• [RECORD EXCERPTS]:
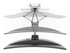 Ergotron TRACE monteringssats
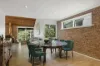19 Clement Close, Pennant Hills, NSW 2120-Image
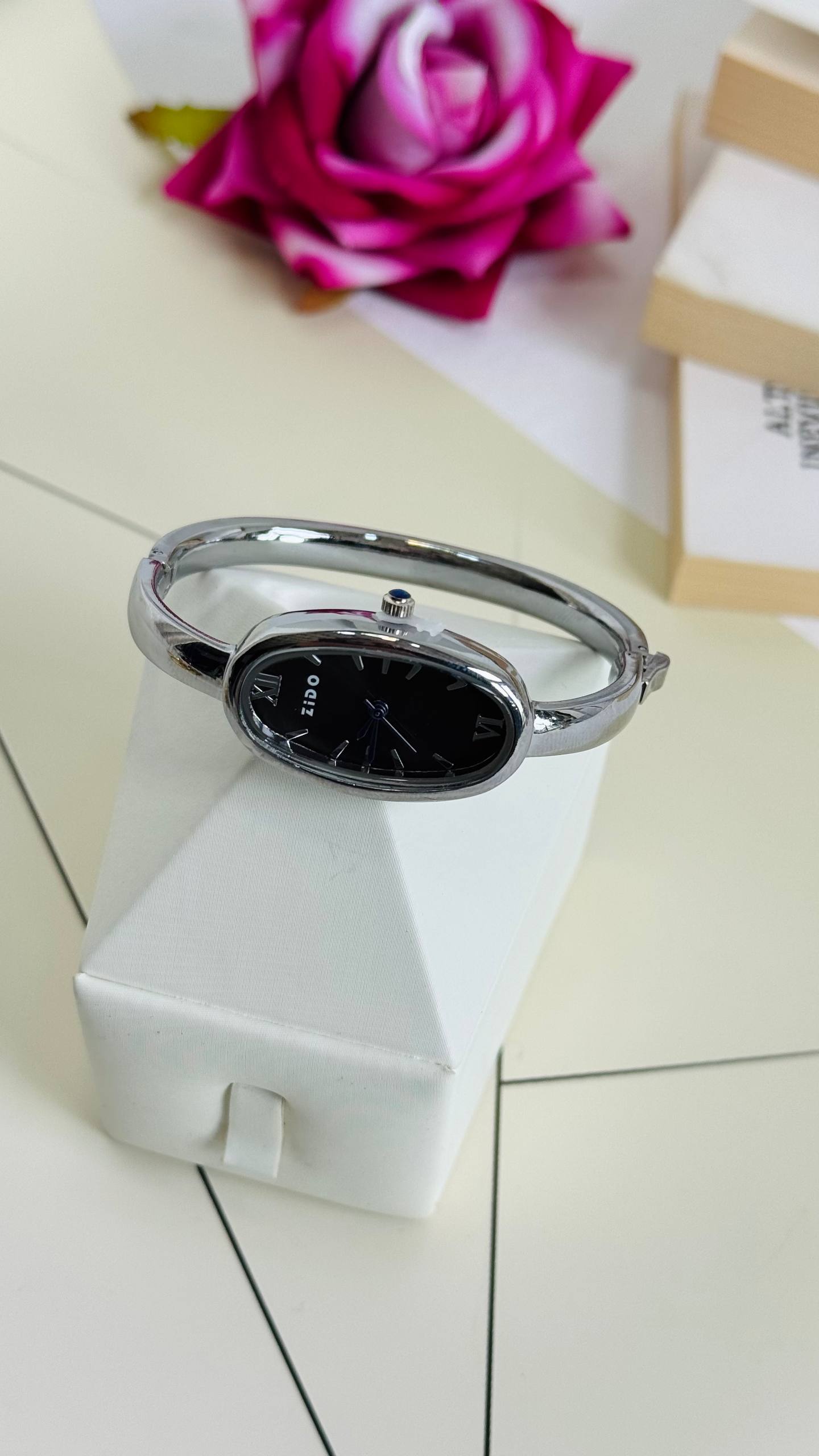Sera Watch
--
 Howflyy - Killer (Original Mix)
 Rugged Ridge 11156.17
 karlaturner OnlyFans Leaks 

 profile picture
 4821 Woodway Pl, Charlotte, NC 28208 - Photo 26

• [WORK INSTRUCTIONS]:
Copy the lines of the data above exactly as written, beginning with the line containing "Howflyy - Killer (Original Mix)" and ending with the line containing "4821 Woodway Pl, Charlotte, NC", and leave out all other lines.

• [ANSWER SPACE]:
 Howflyy - Killer (Original Mix)
 Rugged Ridge 11156.17
 karlaturner OnlyFans Leaks 

 profile picture
 4821 Woodway Pl, Charlotte, NC 28208 - Photo 26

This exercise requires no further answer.